Why Journalism's Diversity Problem Is Just as Bad as #OscarsSoWhite

The lack of minorities in newsrooms popularized #JournalismSoWhite

Stack of newspapers
A pile of newspapers. Jon S./Flickr.com

The 2016 Oscars boycott has not only focused attention on the lack of diversity in Hollywood but also led to public scrutiny of other industries where minorities are marginalized, such as journalism. The #OscarsSoWhite hashtag even spawned the copycat hashtag #JournalismSoWhite on Twitter to highlight how the newspaper industry in particular does not reflect America.

White males continue to make up the bulk of newspaper reporters and editors, which can skew news coverage and make it difficult for journalists of color to advance in the field.

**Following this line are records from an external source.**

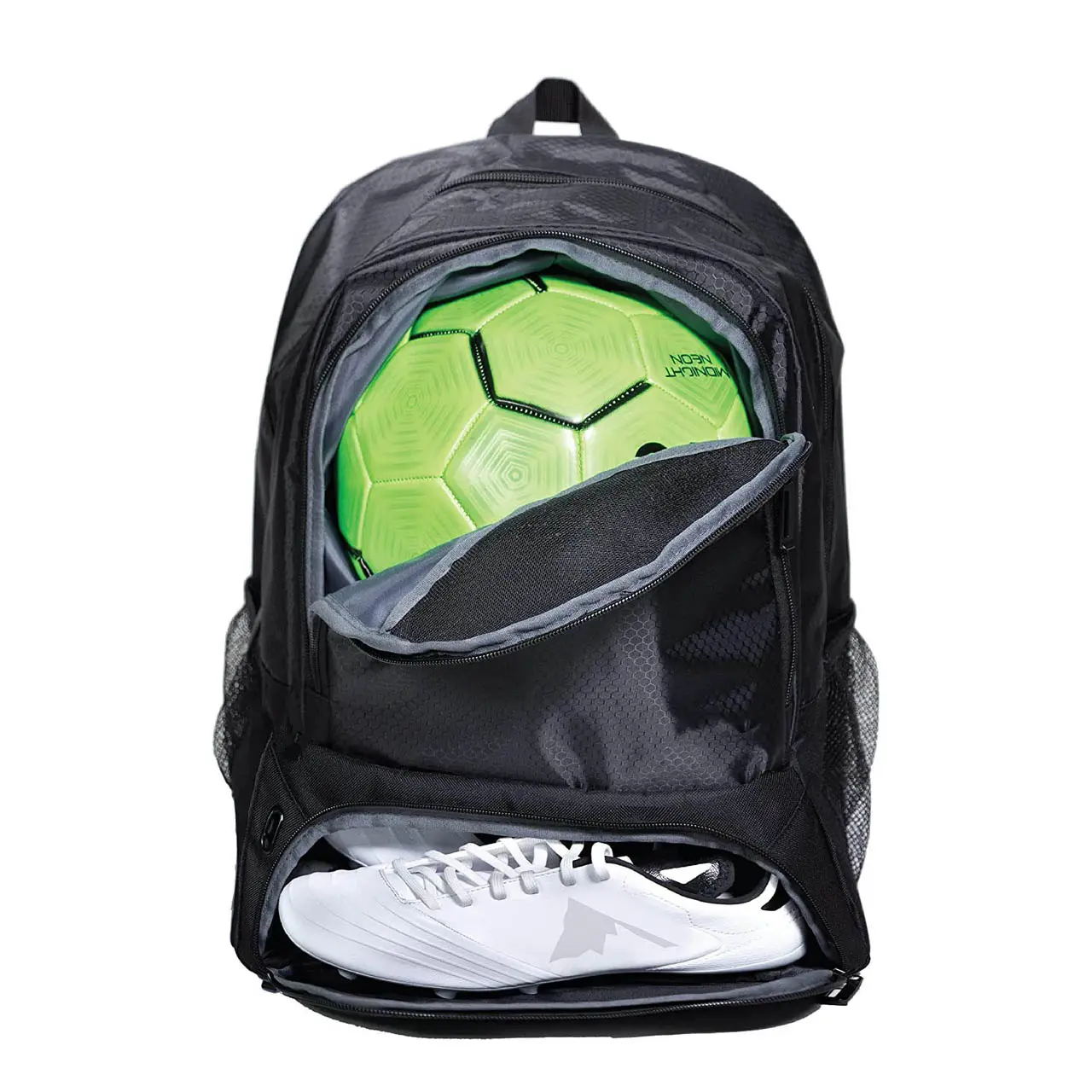 Mochila De Fútbol personalizada, bolsa deportiva de baloncesto con compartimento para bolas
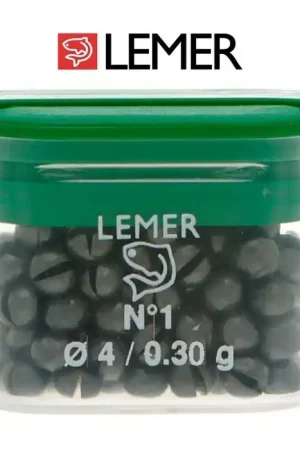 Container Plombs Super doux marron 30 gr N°3 / 0,24 gr Prix Promo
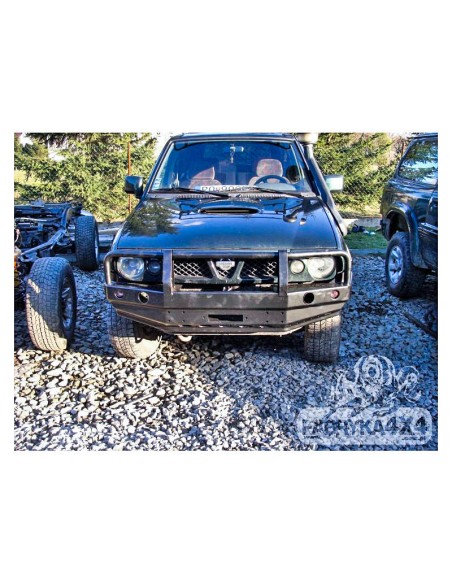 Bullbar desmontable parachoques Fabryka Nissan Terrano II (1996 - 2000) - Fabryka 4x4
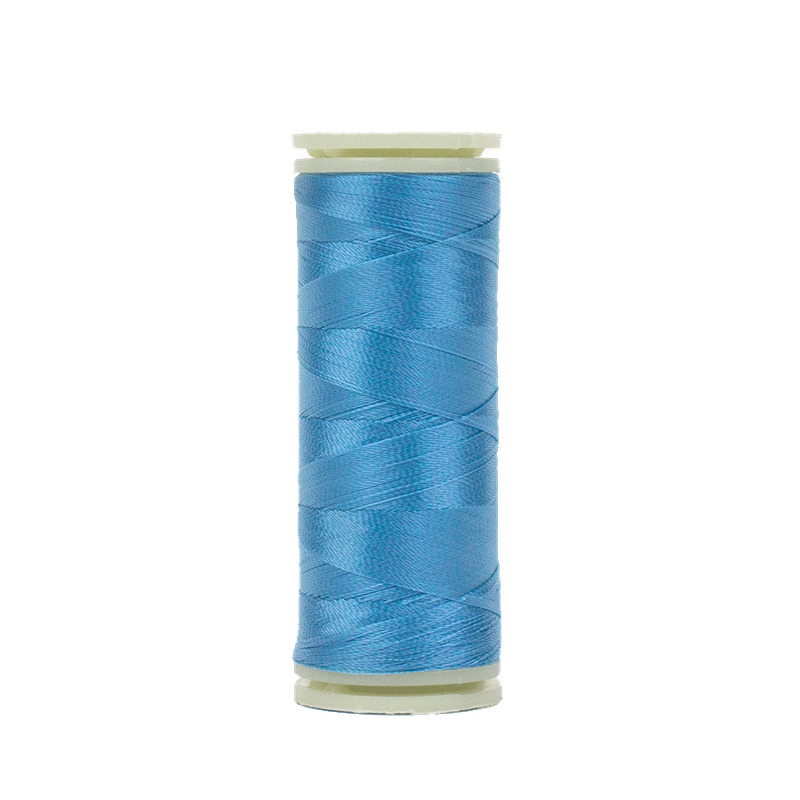 DecoBob 80wt Cottonised Polyester (250m) DB - 319 Sky Blue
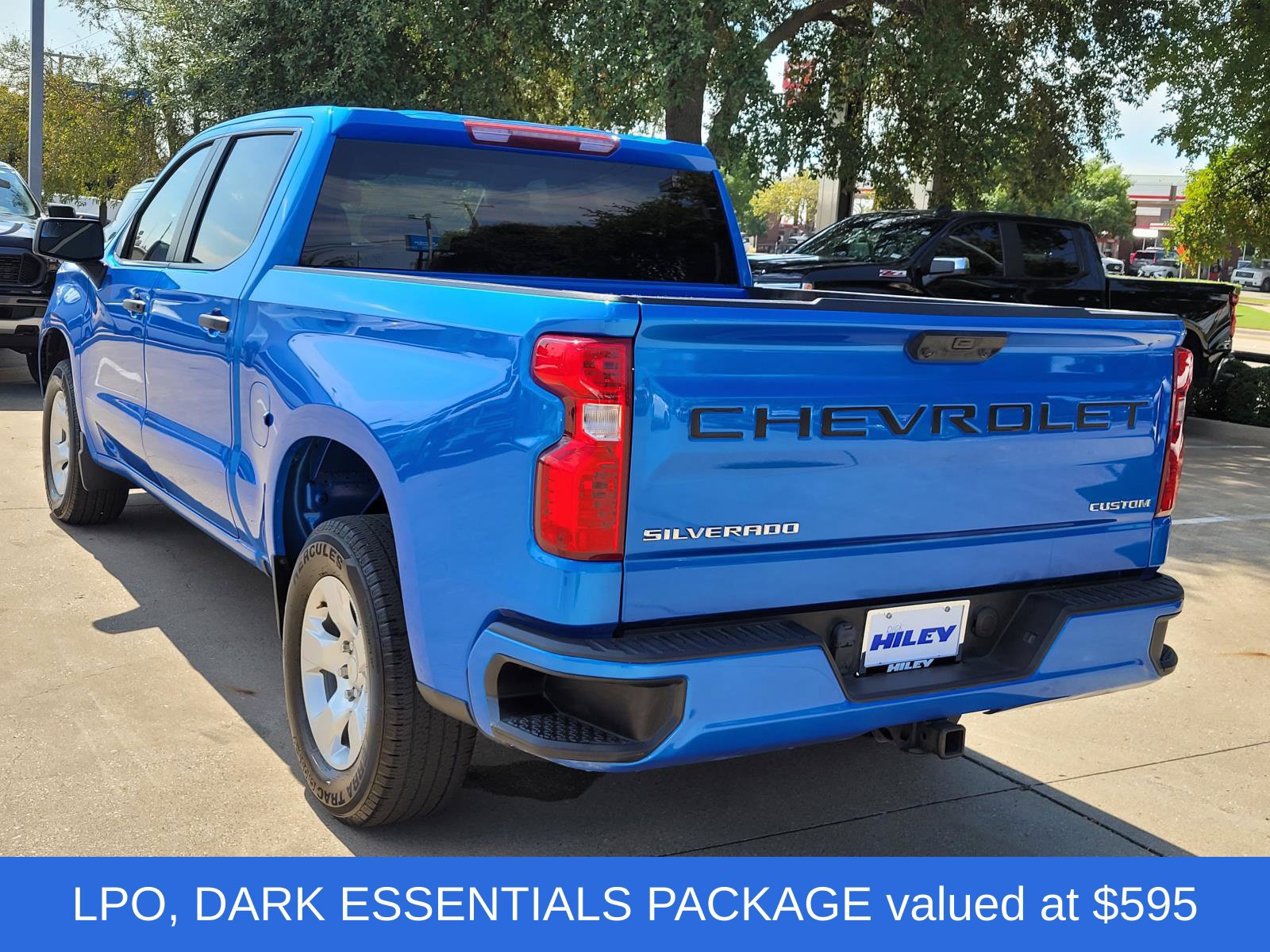 Used 2025 Chevrolet Silverado 1500 Custom RWD image 3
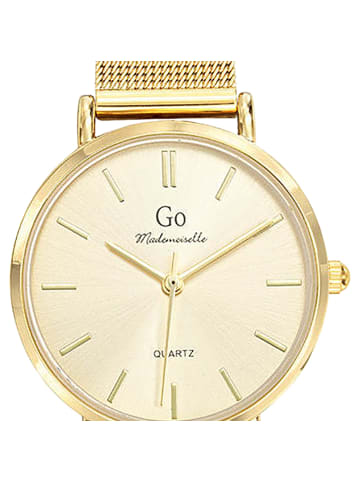 Girl Only Analog-Armbanduhr Girl Only Mademoiselle gold mittel (ca. 32mm)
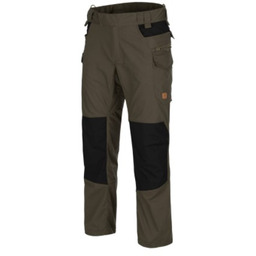 Spodnie Helikon Pilgrim - DuraCanvas - Taiga Green/Black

Activist journalists, however, are pointing out why racial diversity is a benefit in newsrooms and developing strategies to give minorities more opportunities in the profession.

The Amount of Minorities in Newsrooms

Although minorities make up nearly 40 percent of the population, they comprise just 12.76 percent of the staffers in newsrooms. Only 4.7 out of 100 people at newspapers are black. For Hispanics, the number is 4.2, for Asians, 2.8, and for Native Americans, 0.4. Women of all backgrounds continue to be a minority in the industry as well, with just 37.1 women per every 100 people in newsrooms.

For women of color, the situation is particularly dire, with just 2.2 black women, 1.8 Hispanic women, 1.4 Asian women and 0.1 Native American women per 100 people in newsrooms. By and large, white women make up most of the females in newsrooms, with 31.3 white women per 100 print journalists.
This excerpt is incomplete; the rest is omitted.